Although Fotinos acknowledges that corporations are increasingly aware of the value of environmental accountability, he is clear why Enwave's alternative currently attracts customers.

"There is environmental conscience among large building owners, but the biggest attraction is it is cheaper," said Fotinos. "In order for environmentally-friendly technology to succeed, social, financial and environmental must go hand in hand. I'd like to say buildings are hooked up for environmental reasons, but ... in the worst case scenario, we are equal [in price], but we are not polluting."
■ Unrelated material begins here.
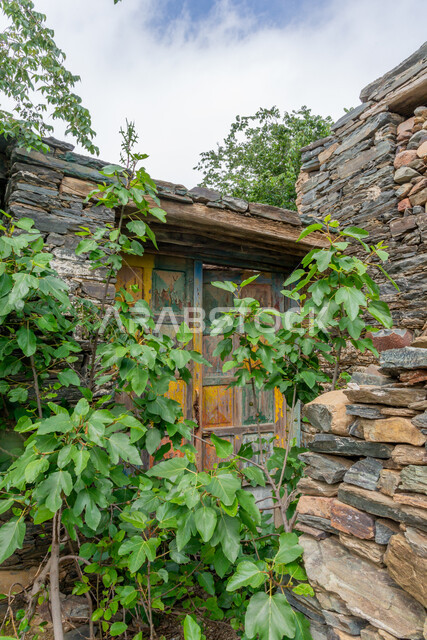 الاشجار والنباتات الخضراء، الفن الهندسي المعماري على الطراز القديم، القلاع الأثرية التاريخية المشيدة من الحجارة في مدينة الباحة، البيوت والمباني الحجرية في القرى التراثية، المعالم السياحية المشهورة في المملكة العربية السعودية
Fotinos emphasizes that each community must be investigated separately to determine feasibility for deep water cooling. A city like Thunder Bay on Lake Superior has easier access to cold water and less need for tunneling which could mean lower capital costs to offset lower demand. Vancouver is currently exploring the feasibility through an existing district energy company, but access to cold ocean water may make more areas in BC likely candidates as populations grow.

"When other communities find out about the lake water cooling project, it's 'uncharted waters' so they call us," said Fotinos, delivering a message of diversification that homeowners could consider, too. "Lake water or ocean water cooling could never be the most significant energy source, but it can be part of the broader energy mix. Deep water cooling needs to be combined with wind or solar or heat pumps. The combination is what makes a comprehensive energy plan."